Personal information
- Full name: William Isaac López Esquivel
- Date of birth: 11 November 1993 (age 31)
- Place of birth: San Salvador, El Salvador
- Height: 1.76 m (5 ft 9 in)
- Position(s): Centre-back

Team information
- Current team: Hang Yuan
- Number: 3

Senior career*
- Years: Team / Apps / (Gls)
- 2014–2018: Royal Blues
- 2019–: Hang Yuan / 85 / (0)

International career^{‡}
- 2024–: Chinese Taipei / 5 / (0)

= William López (footballer, born 1993) =

Taiwanese footballer (born 1993)

William Isaac López Esquivel (born 11 November 1993) is a professional footballer who plays as a centre-back for Hang Yuan. Born in El Salvador, he is a Chinese Taipei international.

==Early and personal life==
López was born on 11 November 1993 in San Salvador, El Salvador. He started playing football at the age of five. He studied in Taiwan. López is married to a Taiwanese woman and has a daughter.

==Career==
In 2014, López signed for Taiwanese side Royal Blues.

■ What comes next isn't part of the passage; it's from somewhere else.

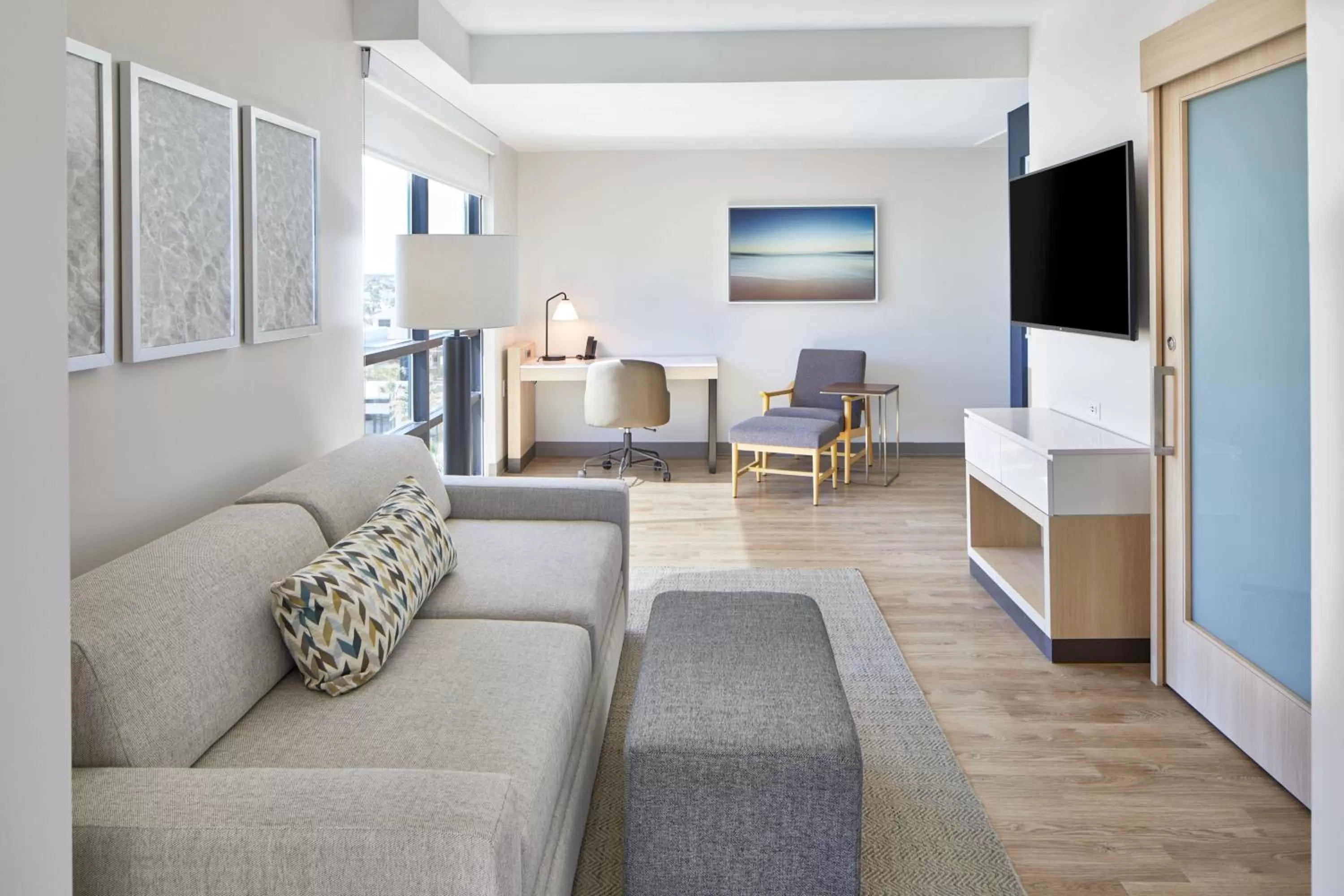 Living room in SpringHill Suites by Marriott Jacksonville Beach Oceanfront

In 2019, López signed for Taiwanese side Hang Yuan. López was described as "an important part of the team... proven to be a reliable player, managing to establish himself as a starter" while playing for the club.

International career

Having lived in Taiwan since 2012, López was granted Taiwanese citizenship and passport, making him eligible to represent Chinese Taipei at the international level. In September 2024, he was called up to the Chinese Taipei national team for a training camp. On 11 October 2024, he made his debut for the Chinese Taipei national football team in a 3-2 friendly loss to Cambodia.

==Style of play==
López mainly operates as a right-footed right-back. López has also played as a central defender, left-back, and defensive midfielder.